*Exercise instructions:* Your answer must be only the lines below from the one containing "Nieces On Couch" through the one containing "Vintage Coro Necklace/Earrings", copied exactly, with the pictures left out.

*Material provided:*
══════

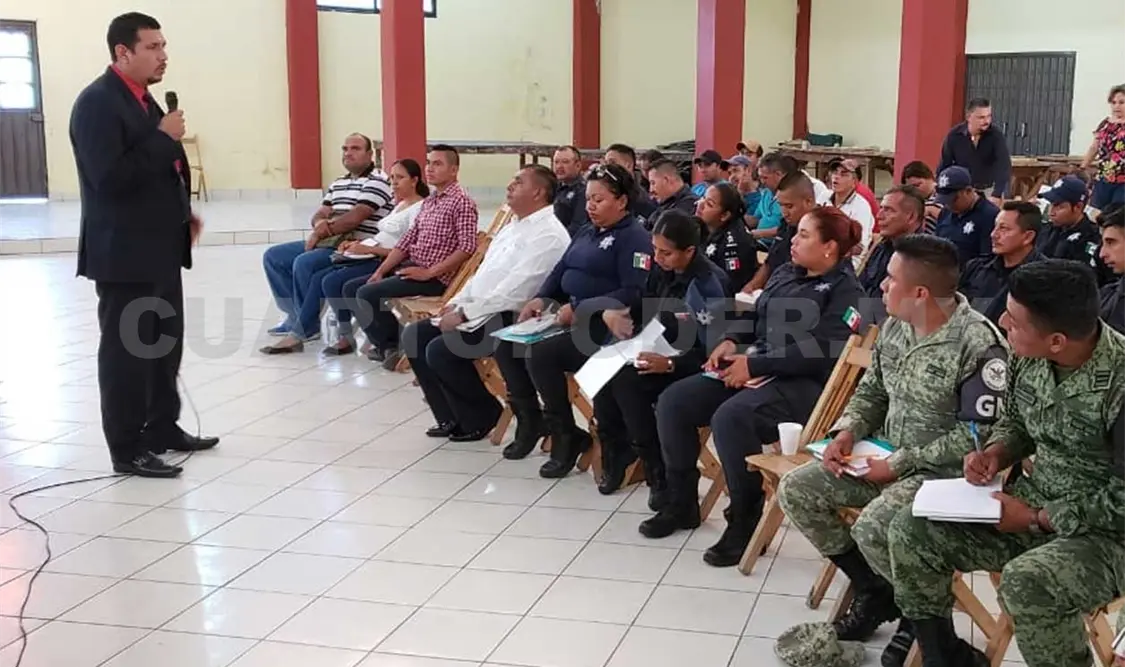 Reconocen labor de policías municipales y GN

══════

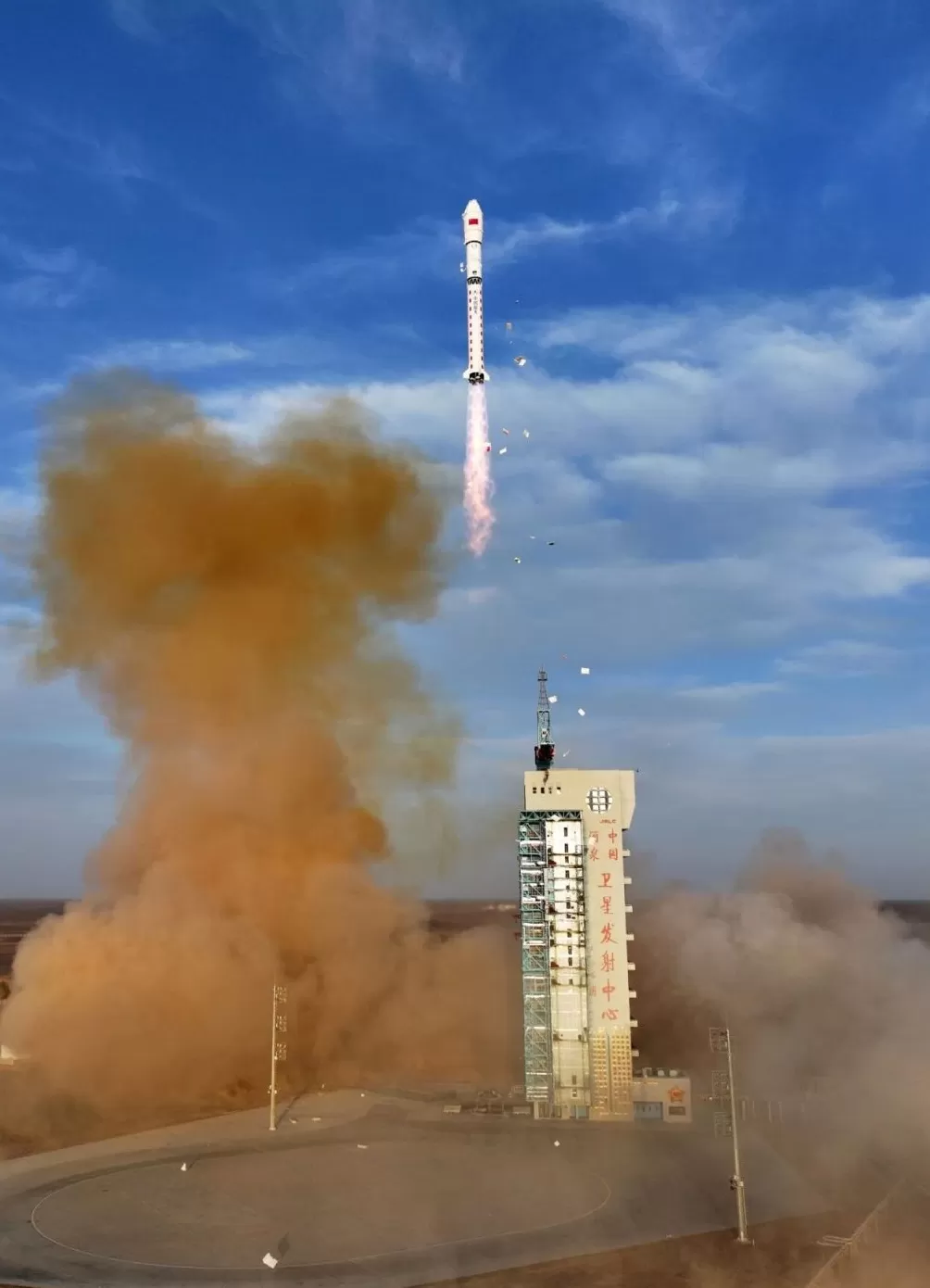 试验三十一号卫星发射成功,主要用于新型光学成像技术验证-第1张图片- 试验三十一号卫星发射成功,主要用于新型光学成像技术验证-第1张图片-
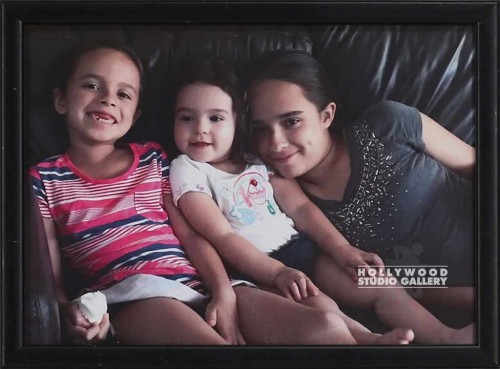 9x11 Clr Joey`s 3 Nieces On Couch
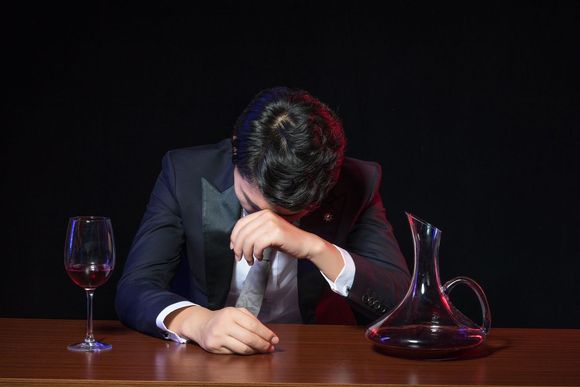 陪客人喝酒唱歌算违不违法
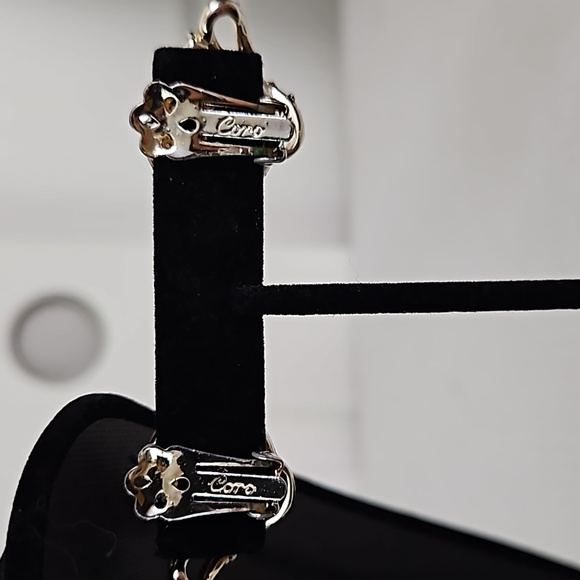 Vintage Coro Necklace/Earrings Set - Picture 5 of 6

══════

*Problem solution:*
 9x11 Clr Joey`s 3 Nieces On Couch
 陪客人喝酒唱歌算违不违法
 Vintage Coro Necklace/Earrings Set - Picture 5 of 6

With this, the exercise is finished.